The human element has proved particularly useful for one variable in PIRUS, which asks what role the internet played in the individual’s radicalization. Knowing this information will yield important insight into an ongoing debate in the field of terrorism studies, between those who believe radicalization often begins and advances online and those who believe the internet is an important, albeit secondary means of radicalization.
Merely finding a mention of the "internet" in an information source—as a computer program would do—would not tell us what role this played, if any, in someone's radicalization. In one example from the dataset, an individual adopted radical beliefs and began acting on them and later watched many extremist videos on the internet; a computer would likely code internet as having an important role, but the human coders close reading of the context of the information resulted in the proper data being coded.

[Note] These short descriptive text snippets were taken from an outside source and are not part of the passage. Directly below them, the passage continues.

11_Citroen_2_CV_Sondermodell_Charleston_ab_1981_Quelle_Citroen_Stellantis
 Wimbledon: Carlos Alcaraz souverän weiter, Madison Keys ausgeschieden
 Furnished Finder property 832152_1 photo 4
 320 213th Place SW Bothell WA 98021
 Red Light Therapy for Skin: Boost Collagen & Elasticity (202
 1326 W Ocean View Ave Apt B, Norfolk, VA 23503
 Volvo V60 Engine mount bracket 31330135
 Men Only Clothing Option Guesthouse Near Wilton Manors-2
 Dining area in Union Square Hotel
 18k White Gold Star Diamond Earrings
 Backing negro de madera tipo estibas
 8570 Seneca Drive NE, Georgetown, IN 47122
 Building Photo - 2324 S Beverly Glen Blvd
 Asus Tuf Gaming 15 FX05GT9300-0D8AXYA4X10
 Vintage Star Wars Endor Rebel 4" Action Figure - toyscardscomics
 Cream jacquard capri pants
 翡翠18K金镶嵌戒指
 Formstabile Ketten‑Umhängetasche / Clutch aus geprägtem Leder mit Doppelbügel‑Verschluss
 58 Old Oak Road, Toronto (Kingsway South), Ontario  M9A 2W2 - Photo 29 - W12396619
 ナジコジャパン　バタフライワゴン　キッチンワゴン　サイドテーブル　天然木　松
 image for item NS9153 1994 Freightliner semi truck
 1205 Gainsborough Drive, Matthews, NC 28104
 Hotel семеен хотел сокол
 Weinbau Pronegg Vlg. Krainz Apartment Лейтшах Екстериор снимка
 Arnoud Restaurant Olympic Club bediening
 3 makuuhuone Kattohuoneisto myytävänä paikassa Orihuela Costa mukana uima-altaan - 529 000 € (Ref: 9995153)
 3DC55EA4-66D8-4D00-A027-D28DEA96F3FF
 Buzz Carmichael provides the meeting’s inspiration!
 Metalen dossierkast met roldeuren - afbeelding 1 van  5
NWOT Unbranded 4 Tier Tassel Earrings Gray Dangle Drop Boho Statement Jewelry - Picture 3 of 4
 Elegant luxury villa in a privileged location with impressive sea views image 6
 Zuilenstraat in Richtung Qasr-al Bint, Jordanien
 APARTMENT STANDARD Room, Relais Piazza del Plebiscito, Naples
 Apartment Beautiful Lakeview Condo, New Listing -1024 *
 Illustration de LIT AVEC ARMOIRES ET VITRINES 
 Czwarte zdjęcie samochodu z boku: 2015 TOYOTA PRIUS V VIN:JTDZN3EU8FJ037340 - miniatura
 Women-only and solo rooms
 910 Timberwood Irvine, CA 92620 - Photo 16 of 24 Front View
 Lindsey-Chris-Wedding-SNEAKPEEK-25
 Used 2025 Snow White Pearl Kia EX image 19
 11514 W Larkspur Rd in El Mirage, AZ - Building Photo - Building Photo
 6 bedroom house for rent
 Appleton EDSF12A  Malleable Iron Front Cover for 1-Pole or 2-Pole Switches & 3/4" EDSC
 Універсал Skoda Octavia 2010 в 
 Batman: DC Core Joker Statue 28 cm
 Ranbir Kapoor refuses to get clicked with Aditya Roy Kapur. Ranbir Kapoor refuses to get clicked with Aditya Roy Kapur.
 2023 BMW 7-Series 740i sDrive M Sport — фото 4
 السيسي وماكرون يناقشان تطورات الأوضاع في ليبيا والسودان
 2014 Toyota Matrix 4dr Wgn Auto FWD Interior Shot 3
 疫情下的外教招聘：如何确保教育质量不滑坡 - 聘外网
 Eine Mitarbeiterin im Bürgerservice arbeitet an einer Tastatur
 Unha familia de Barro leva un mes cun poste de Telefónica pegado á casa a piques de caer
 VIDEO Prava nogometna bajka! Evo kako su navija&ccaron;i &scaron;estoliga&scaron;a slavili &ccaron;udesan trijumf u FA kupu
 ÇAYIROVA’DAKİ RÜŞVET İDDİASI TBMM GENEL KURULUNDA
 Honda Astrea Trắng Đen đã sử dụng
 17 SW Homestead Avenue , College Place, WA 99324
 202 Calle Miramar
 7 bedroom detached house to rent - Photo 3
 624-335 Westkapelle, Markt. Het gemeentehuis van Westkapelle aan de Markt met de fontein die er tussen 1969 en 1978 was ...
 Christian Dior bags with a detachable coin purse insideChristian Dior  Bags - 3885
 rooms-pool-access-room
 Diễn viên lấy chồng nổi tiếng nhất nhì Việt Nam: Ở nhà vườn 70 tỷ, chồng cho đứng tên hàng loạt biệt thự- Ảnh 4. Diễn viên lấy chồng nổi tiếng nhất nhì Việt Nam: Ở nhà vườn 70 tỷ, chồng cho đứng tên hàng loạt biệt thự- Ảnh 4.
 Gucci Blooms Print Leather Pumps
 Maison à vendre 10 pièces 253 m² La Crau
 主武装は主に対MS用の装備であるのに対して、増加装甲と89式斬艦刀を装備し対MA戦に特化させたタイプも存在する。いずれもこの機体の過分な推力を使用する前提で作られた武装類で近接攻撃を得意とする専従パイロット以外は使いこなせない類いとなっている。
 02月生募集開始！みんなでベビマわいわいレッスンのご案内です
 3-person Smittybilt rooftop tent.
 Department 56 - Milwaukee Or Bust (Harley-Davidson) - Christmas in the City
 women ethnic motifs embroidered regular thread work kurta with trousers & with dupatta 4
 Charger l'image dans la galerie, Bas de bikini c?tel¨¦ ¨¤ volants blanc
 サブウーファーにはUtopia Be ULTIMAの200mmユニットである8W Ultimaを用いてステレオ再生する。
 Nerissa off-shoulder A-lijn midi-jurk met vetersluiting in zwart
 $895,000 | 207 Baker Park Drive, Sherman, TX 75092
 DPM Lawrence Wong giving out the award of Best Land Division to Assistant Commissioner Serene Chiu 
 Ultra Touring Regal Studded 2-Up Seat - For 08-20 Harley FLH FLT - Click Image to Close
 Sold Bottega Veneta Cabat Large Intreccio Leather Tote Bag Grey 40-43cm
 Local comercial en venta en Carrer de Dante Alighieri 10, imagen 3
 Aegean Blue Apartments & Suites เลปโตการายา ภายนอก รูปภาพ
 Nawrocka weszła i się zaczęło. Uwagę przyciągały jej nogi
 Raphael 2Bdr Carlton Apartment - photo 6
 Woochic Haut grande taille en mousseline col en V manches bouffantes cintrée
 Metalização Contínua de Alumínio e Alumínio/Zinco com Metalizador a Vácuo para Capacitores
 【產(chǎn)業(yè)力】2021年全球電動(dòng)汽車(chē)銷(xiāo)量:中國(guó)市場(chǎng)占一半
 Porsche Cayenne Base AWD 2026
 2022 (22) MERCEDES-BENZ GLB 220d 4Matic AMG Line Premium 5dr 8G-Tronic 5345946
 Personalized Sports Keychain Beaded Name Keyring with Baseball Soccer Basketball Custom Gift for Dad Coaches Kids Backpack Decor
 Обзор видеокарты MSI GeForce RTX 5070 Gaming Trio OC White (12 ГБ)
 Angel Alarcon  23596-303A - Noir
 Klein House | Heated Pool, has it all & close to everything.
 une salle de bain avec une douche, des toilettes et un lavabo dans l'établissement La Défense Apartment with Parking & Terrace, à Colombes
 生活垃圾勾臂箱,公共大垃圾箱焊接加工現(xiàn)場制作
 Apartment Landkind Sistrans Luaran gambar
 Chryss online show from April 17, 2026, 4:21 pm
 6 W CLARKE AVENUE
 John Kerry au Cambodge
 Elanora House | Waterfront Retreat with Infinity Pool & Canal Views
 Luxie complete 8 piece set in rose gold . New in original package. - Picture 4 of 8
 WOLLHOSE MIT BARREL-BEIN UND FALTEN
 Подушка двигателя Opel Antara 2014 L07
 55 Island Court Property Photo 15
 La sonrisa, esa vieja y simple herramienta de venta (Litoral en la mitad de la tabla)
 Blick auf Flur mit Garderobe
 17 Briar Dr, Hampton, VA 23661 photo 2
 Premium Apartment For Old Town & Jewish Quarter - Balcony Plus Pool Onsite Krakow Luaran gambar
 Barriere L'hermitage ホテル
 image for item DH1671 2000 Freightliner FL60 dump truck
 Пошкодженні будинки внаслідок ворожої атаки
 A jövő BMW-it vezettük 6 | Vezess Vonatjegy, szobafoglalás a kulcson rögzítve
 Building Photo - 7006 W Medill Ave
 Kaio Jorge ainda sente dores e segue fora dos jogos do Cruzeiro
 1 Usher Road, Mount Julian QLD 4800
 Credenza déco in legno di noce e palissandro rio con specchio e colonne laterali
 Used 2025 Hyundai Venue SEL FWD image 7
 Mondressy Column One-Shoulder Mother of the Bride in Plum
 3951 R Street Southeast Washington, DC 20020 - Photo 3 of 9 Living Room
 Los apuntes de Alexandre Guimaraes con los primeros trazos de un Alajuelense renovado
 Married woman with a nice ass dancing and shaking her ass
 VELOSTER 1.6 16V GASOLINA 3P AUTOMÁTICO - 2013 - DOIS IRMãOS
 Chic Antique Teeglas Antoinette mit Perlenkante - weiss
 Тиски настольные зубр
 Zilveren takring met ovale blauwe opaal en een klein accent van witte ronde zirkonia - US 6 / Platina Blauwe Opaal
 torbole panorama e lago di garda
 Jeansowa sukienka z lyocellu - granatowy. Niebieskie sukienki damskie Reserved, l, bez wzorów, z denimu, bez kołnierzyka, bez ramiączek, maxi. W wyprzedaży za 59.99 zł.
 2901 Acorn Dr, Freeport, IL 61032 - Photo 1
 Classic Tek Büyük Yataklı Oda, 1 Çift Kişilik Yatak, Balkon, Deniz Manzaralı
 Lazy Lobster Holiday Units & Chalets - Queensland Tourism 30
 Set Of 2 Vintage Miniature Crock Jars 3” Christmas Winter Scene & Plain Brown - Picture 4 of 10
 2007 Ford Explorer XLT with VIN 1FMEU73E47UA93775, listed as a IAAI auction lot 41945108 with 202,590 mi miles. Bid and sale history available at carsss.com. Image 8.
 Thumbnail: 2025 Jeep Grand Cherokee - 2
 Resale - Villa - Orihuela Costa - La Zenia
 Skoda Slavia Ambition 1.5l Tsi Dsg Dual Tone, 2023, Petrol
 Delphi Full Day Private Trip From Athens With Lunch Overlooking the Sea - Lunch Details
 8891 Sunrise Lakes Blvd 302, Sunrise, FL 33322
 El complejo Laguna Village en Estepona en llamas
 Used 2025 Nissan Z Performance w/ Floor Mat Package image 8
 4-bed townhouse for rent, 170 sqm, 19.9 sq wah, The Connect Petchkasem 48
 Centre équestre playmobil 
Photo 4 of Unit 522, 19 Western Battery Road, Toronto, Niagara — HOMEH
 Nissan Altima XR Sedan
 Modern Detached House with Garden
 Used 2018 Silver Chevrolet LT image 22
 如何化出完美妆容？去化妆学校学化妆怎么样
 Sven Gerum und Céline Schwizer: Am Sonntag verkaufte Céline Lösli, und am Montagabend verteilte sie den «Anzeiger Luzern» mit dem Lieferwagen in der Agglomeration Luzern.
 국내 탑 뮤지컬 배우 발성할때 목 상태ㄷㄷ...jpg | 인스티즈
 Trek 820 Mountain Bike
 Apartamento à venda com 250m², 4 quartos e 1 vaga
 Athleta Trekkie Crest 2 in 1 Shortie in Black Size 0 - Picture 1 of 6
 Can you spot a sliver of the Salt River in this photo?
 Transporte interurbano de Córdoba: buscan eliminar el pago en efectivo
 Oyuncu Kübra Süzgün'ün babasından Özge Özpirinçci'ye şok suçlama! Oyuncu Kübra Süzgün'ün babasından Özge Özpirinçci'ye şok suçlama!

This is not to say that researchers should avoid "big data" approaches, or that datasets like GDELT are flawed. GDELT is an incredible resource for scholars, and hopefully other projects incorporate some of its procedures. And it is not an "either/or" choice. Researchers could still review the results of automated coding to assess their validity and reliability, as GDELT has done. Or coding procedures could synthesize the relevant strengths of human and automated coding, as Daniel J. Hopkins and Garry King (of Georgetown University and Harvard University, respectively) proposed in a 2010 articleand accompanying software program. But the promise and excitement of "big data" should not cause researchers and policymakers to ignore the human element in coding.